Ordered that the judgment is affirmed.
After a hearing upon remittitur, the Supreme Court concluded that when asking for the jury's verdict on count four of the indictment, the court clerk properly asked for a verdict as to criminal possession of a controlled substance in the third degree, and that the court reporter erroneously recorded in the minutes that the clerk asked for a verdict on the charge of criminal sale of a controlled substance in the third degree. The determination of the Supreme Court is supported by the record of the hearing, and we find no basis for disturbing it. There is therefore no merit to the defendant's contention that the fourth count of the indictment should be dismissed (cf., People v Worthy, 178 A.D.2d 454).

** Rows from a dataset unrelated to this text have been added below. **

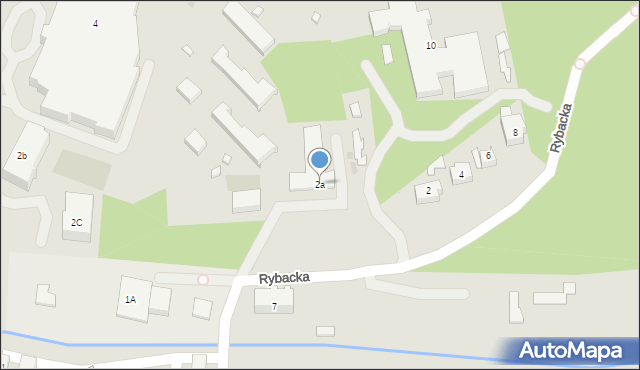 Ustka, Rybacka, 2a, mapa Ustka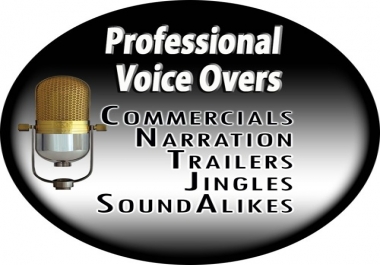 Professional VOICEOVER upto 1000 words for your project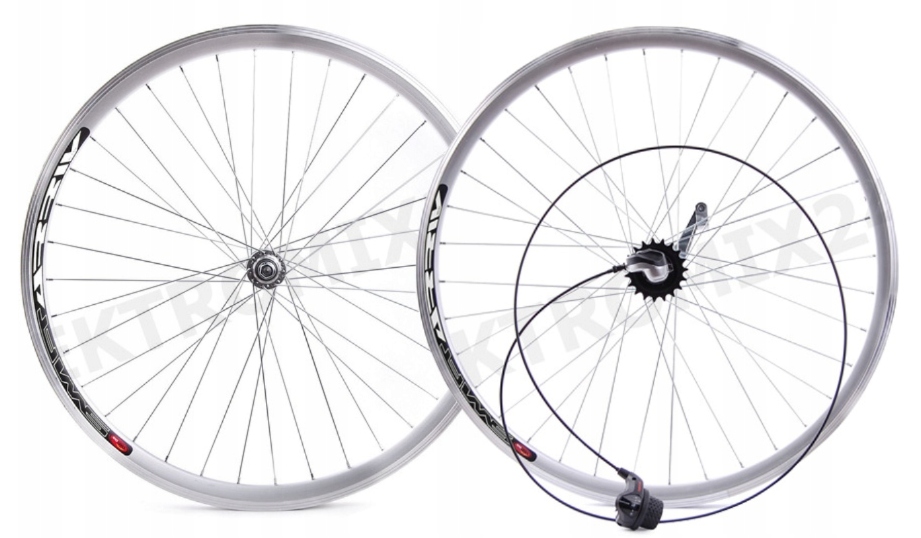 Přední zadní kolo Shimano Nexus 24 palců 3 rychlostní stupně s páčkou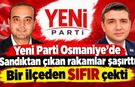 Yeni parti Osmaniye'de Sandıktan çıkan rakamlar şaşırttı! İşte İlçe İlçe Sonuçlar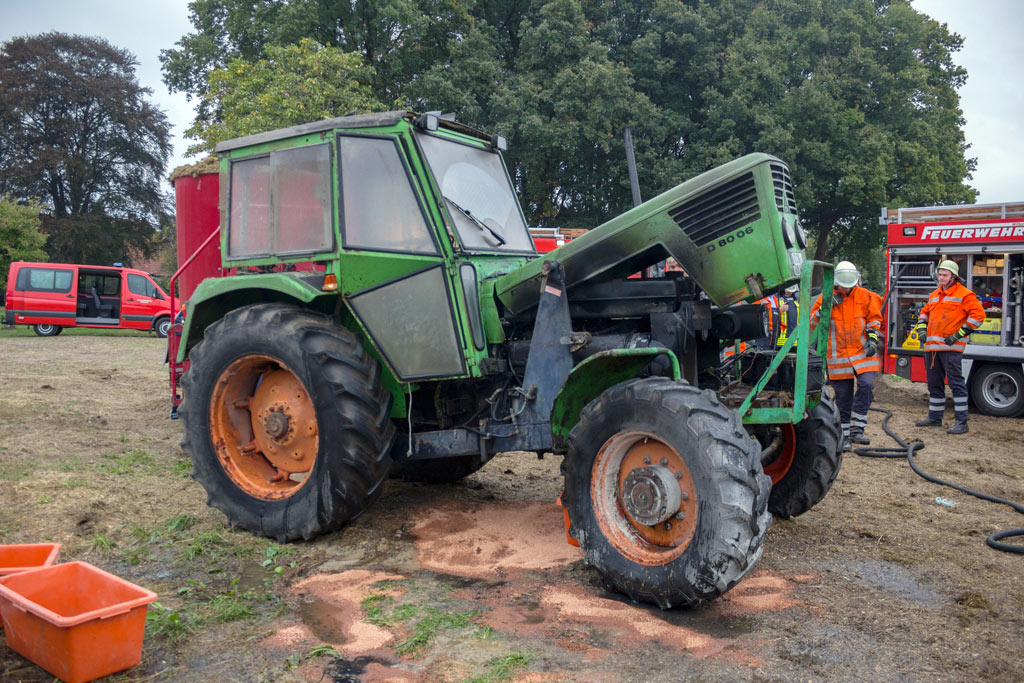 Read more about the article Brand eines Traktors in Wittorf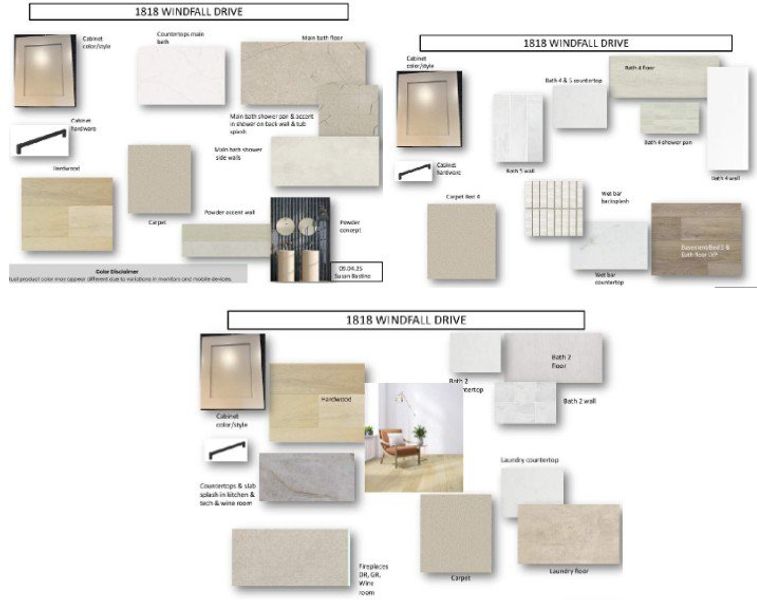 Representative photo of design selections for 1818 Windfall Drive Representative photo of design selections for 1818 Windfall Drive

Equally without merit is the defendant's contention that the trial prosecutor violated the trial court's Sandoval ruling. The record indicates that the details of the matter in question were "blurted out by the defendant himself, rather than elicited by specific questions" (People v. Goldring, 169 A.D.2d 638, 639). Under these circumstances, a new trial is not warranted (see, People v. Goldring, supra).
The sentence imposed was not excessive (see, People v. Suitte, 90 A.D.2d 80).
We have reviewed the defendant's remaining contentions, including that raised in his supplemental pro se brief, and find them to be unpreserved for appellate review and, in any event, without merit. Thompson, J.P., Rosenblatt, Miller and Copertino, JJ., concur.